**Supplied material**
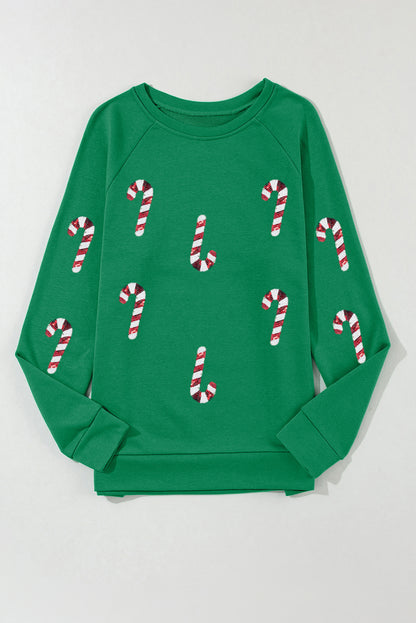 Christmas Candy Cane Sweatshirt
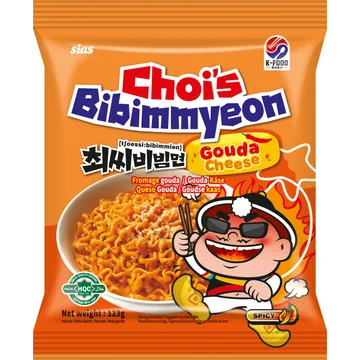 Choi's Bibimmyeon Instant Noedels Goudse Kaas 123g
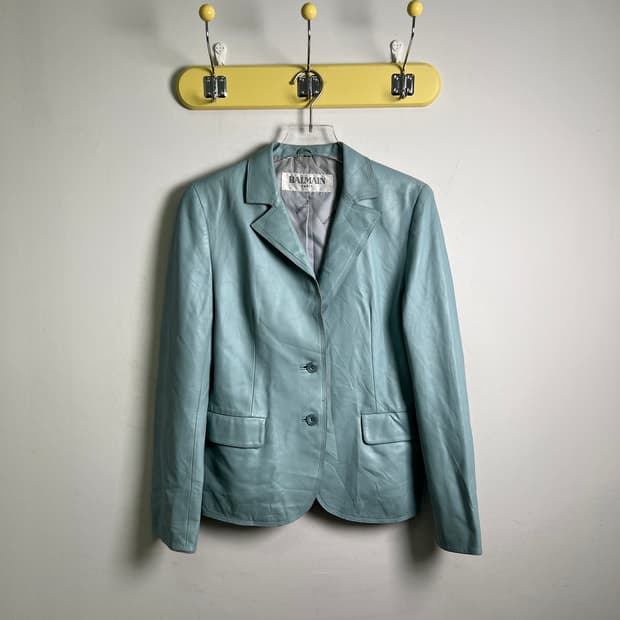 발망 빈티지 양가죽 블레이저 자켓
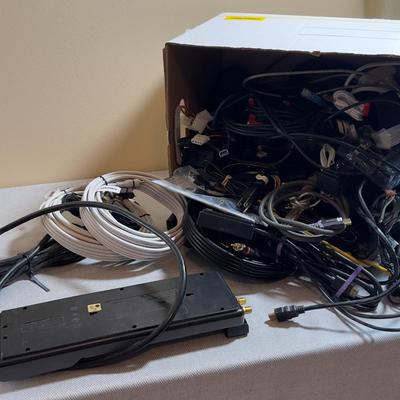 Sale Photo Thumbnail #1036: Audio Visual and Computer. Cords and connectors. USED!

**What this task involves**
Output exactly the lines from the one that has "Choi's Bibimmyeon Instant" through the end of the data. Do not include pictures.

**Task answer**
 Choi's Bibimmyeon Instant Noedels Goudse Kaas 123g
 발망 빈티지 양가죽 블레이저 자켓
 Sale Photo Thumbnail #1036: Audio Visual and Computer. Cords and connectors. USED!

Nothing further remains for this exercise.